● INSTRUCTIONS TO FOLLOW: An image-free reproduction of the data below is needed: print it exactly.

● THE DATA:
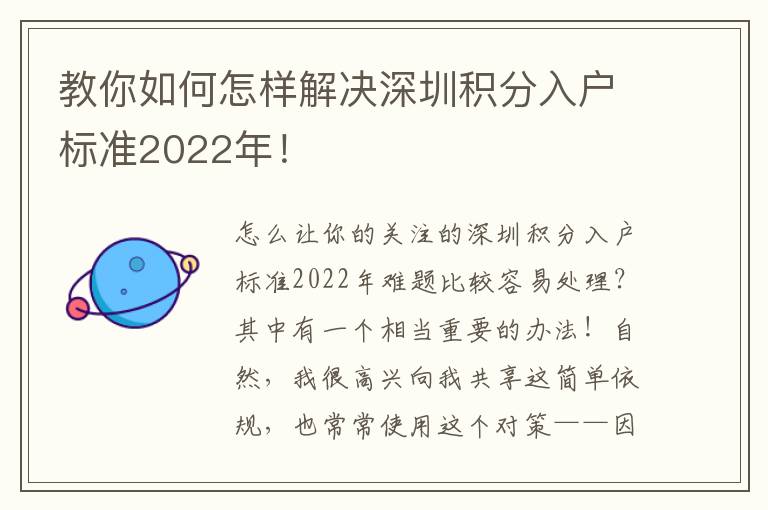 教你如何怎樣解決深圳積分入戶標(biāo)準(zhǔn)2022年！
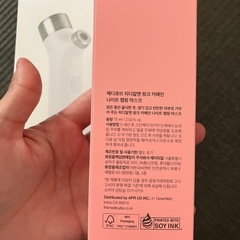 未使用品 メディキューブ　　の画像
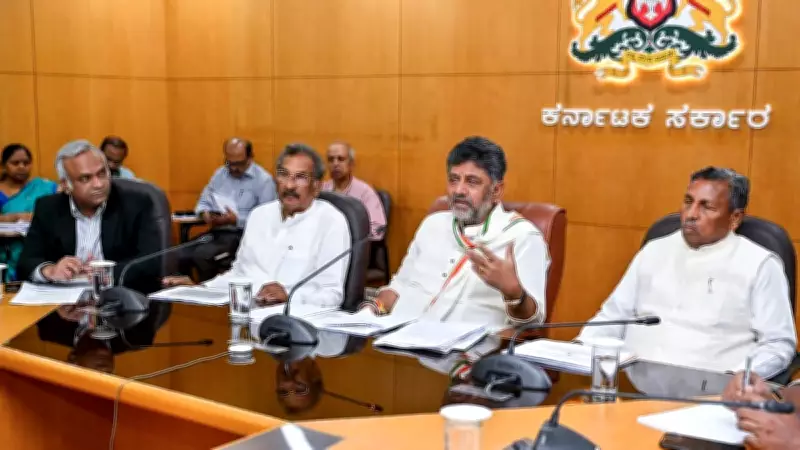 Karnataka CM Orders Door-to-Door Survey for Guarantee Schemes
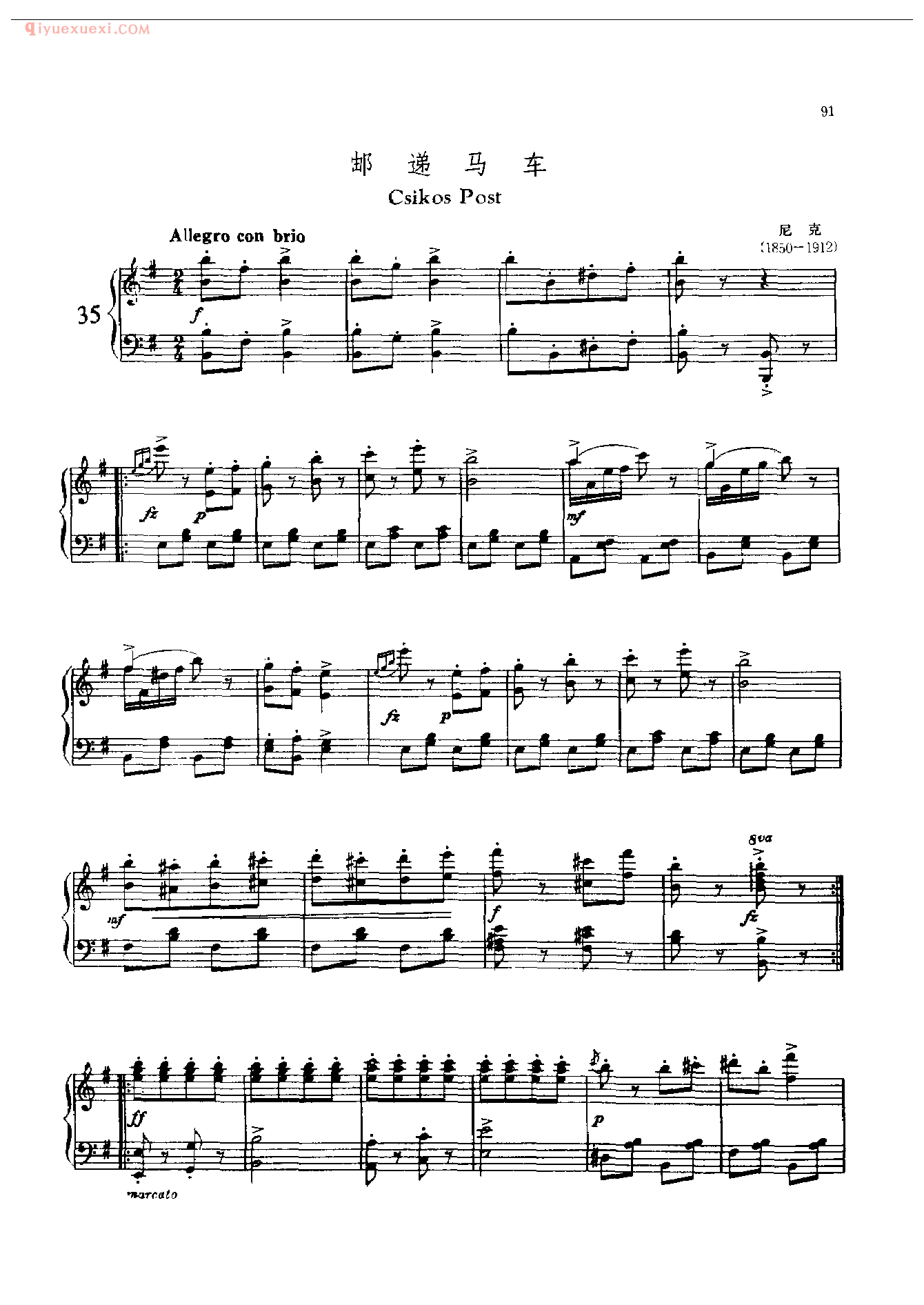 钢琴曲精选:邮递马车(Csikos Post) 尼克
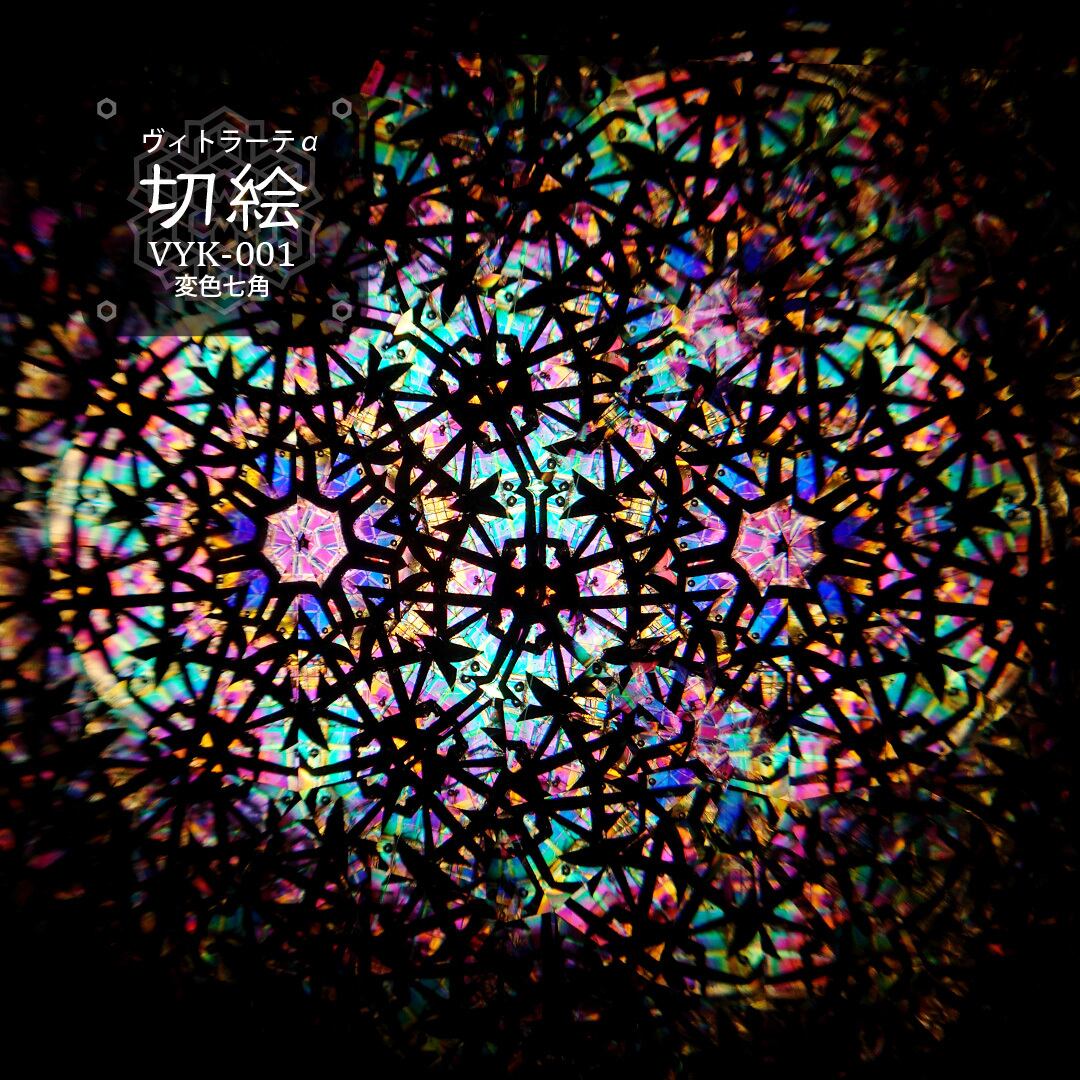 小型万華鏡】『切絵 VYK-001』7pt 【オイルタイプ】 | 万華鏡工房 涸井戸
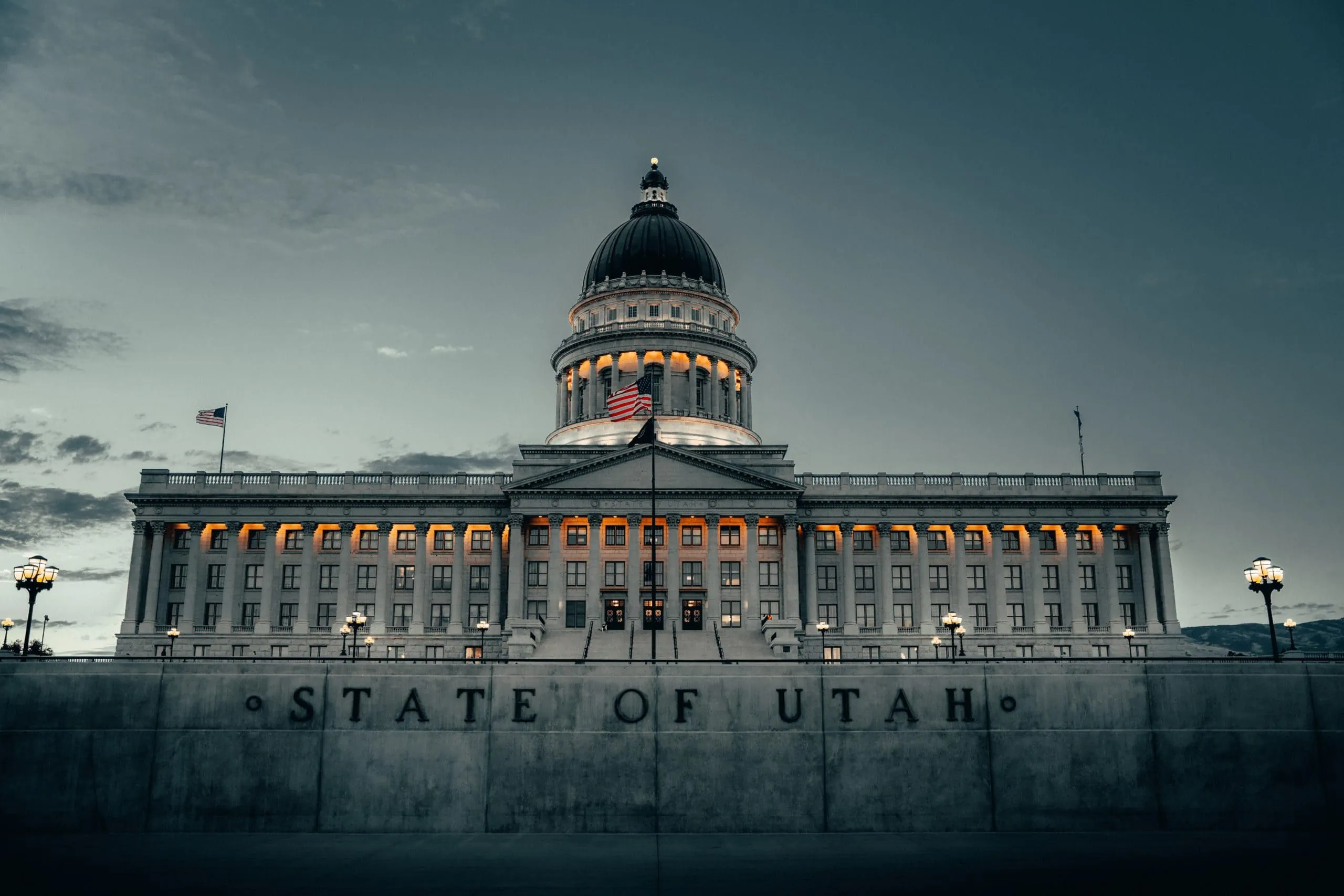 Utah government building that has security system in place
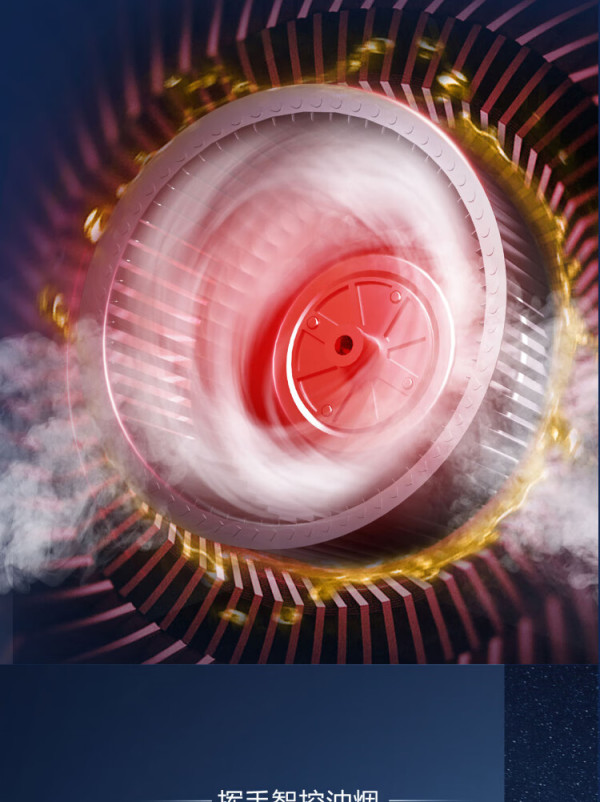 海尔智家获得实用新型专利授权：“一种燃烧器及燃气灶”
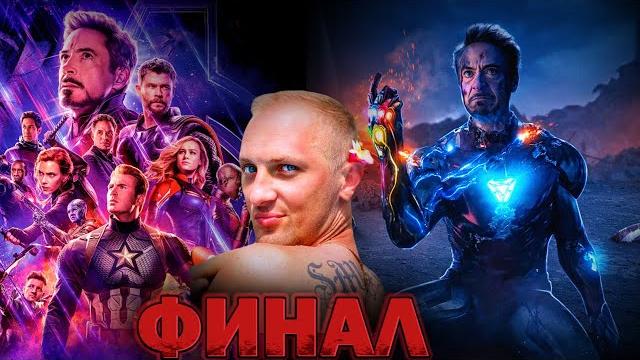 Зубарев смотрит " Мстители: ФИНАЛ " Зубарев смотрит " Мстители: ФИНАЛ "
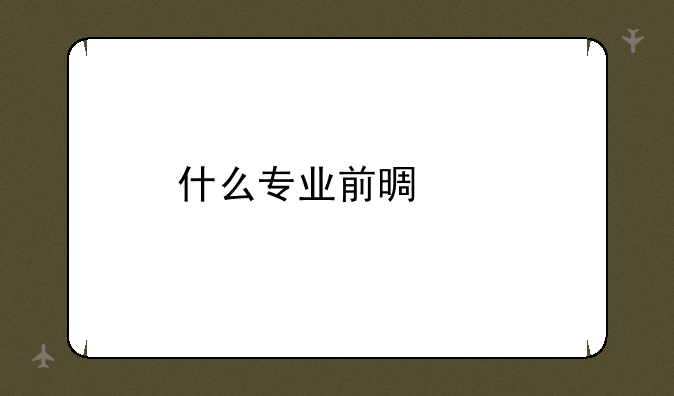 什么专业前景好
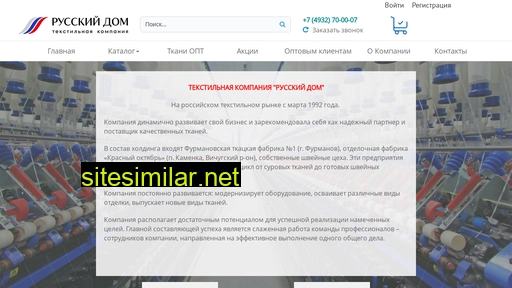 tkrusdom.ru alternative sites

● TASK ANSWER:
 教你如何怎樣解決深圳積分入戶標(biāo)準(zhǔn)2022年！
 未使用品 メディキューブ　　の画像
 Karnataka CM Orders Door-to-Door Survey for Guarantee Schemes
 钢琴曲精选:邮递马车(Csikos Post) 尼克
 小型万華鏡】『切絵 VYK-001』7pt 【オイルタイプ】 | 万華鏡工房 涸井戸
 Utah government building that has security system in place
 海尔智家获得实用新型专利授权：“一种燃烧器及燃气灶”
 Зубарев смотрит " Мстители: ФИНАЛ " Зубарев смотрит " Мстители: ФИНАЛ "
 什么专业前景好
 tkrusdom.ru alternative sites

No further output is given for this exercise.